Yeah, I know what you’re thinking: Every errand should be on this list, and you’re probably right, but I’ve narrowed it down to the worst offenders.
15. Clothes shopping. As if dressing your post-child body wasn’t hard enough. Trying on shirts, swimsuits, undergarments with kids in tow, even if they’re both confined to the stroller, can be an incredibly torturous experience. Even if you race through Old Navy, grabbing any shirt that looks remotely workable, then wait for the handicapped dressing room and get the kids inside, you have exactly 4 minutes before a fight breaks out, someone’s hungry, needs a change or you realize the baby lost his favorite paci at some point in the last 35 minutes.
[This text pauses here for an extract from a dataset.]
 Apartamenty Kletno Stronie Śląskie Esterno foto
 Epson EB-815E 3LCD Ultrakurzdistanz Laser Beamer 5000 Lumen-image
14. Oil change. Because what toddler doesn’t enjoy the latest issue of Tire Tracks Magazine and a water dispenser conveniently placed right at his level? Don’t forget the stale hard candies in those little dispensers, and the 30 minutes of Nascar on the prison TV in the corner.
13. The gift store. Expensive toys, tiny trinkets and glass collectibles. Really, what could go wrong? Nothing, until the baby waddles over to the Precious Moments display and breaks an angel figurine on his foot, while the toddler simultaneously decides he can’t leave the store without the kitty calendar.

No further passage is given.